Chloe sighed against Luna’s cheek, filling with emotions she couldn’t describe or say.
“Luna,” a voice called from the doorway called.
Luna twisted away from Chloe, who tensed at the loss of full body contact, “Hey, Galla.”
“Hi Chloe. We’re going to Harper’s.”
“Awesome,” Luna smiled as the rest of the players hustled out of the door behind her. Feeling down Chloe’s arm, she grabbed her hand, “Chloe, this is Claudia, Xaiden, Calais, Estelle and you know Bree.”
“Guys, this is Chloe,” Luna shifted her head slightly, “You want to go to Harper’s?”
Chloe twisting Luna into her and wrapping her arms around her waist, pulling her flush against her, drawing her lips together, kissed Luna and nodded, “Yes, sure.”
The babble of voices around them continued as they walked up to the monorail, Luna’s hand secured within Chloe’s.
“You okay? You sure that you want to go to Harper’s?”
“Yes and Yes. Why do you play jazz?”
“Because I’m nostalgic for a life I’ve never lived and a history I’ve never encountered. It teaches me how to embrace imperfection, celebrate it, revel in it.”
“What is the Reaper symbol?”
“Pacers Bootleg Live. They record live music. What we just did will be available at the shop.”
“Yup. Galla wrote that, too, composed it.”
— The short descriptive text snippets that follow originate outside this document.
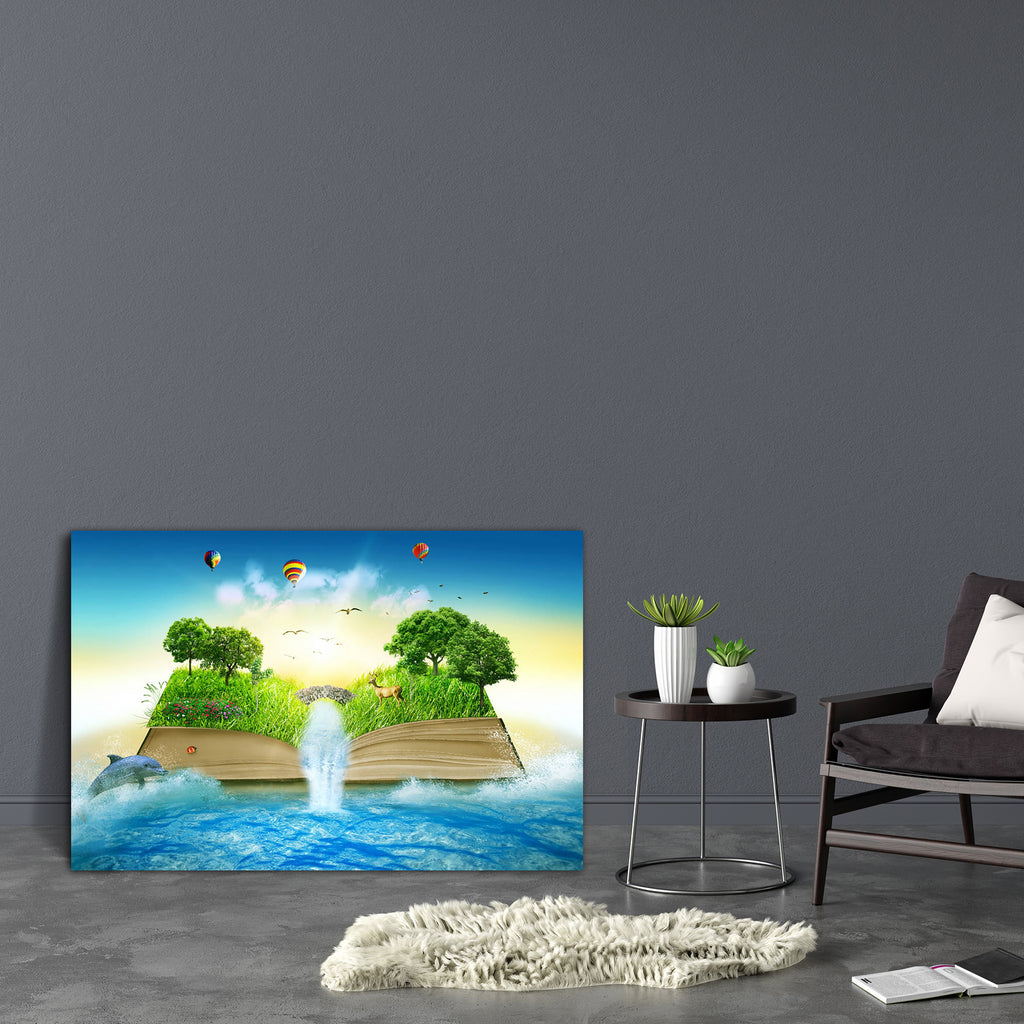 Magic Book Covered With Grass Trees & Waterfall Canvas Painting Synthetic Frame-Paintings MDF Framing-AFF_FR-IC 5004305 IC 5004305, Astronomy, Automobiles, Books, Calligraphy, Cosmology, Education, Fantasy, Illustrations, Landscapes, Nature, Scenic, Schools, Space, Transportation, Travel, Universities, Vehicles, magic, book, covered, with, grass, trees, waterfall, canvas, painting, synthetic, frame, philosophy, life, wisdom, dreamland, dolphin, story, waterfalls, tree, of, open, cascade, air, balloons, blue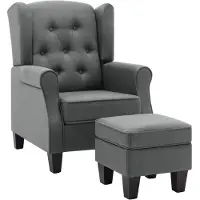 The Living Store Fauteuil avec repose-pieds Gris clair Tissu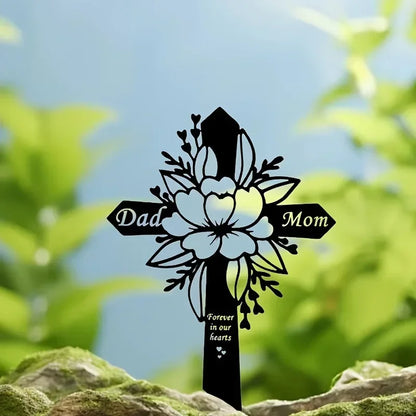 Metal Cemetery Memorial Cross – Elegant Grave Decoration for Dad & Loved Ones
“You act like none of this is a big deal.”
“Because its not,” Luna shrugged, indiffident. Chloe sighed at how remarkable she found herself loved by this.
“Will we get a copy? Do you have many recordings of your playing?”
“If you want a copy, sure. Ivie has a music app player, and you can get a digital copies of past stuff if you’d like.”
Later, as they lifted their glasses, the group taught her a new toast, “May we always be this incomplete.”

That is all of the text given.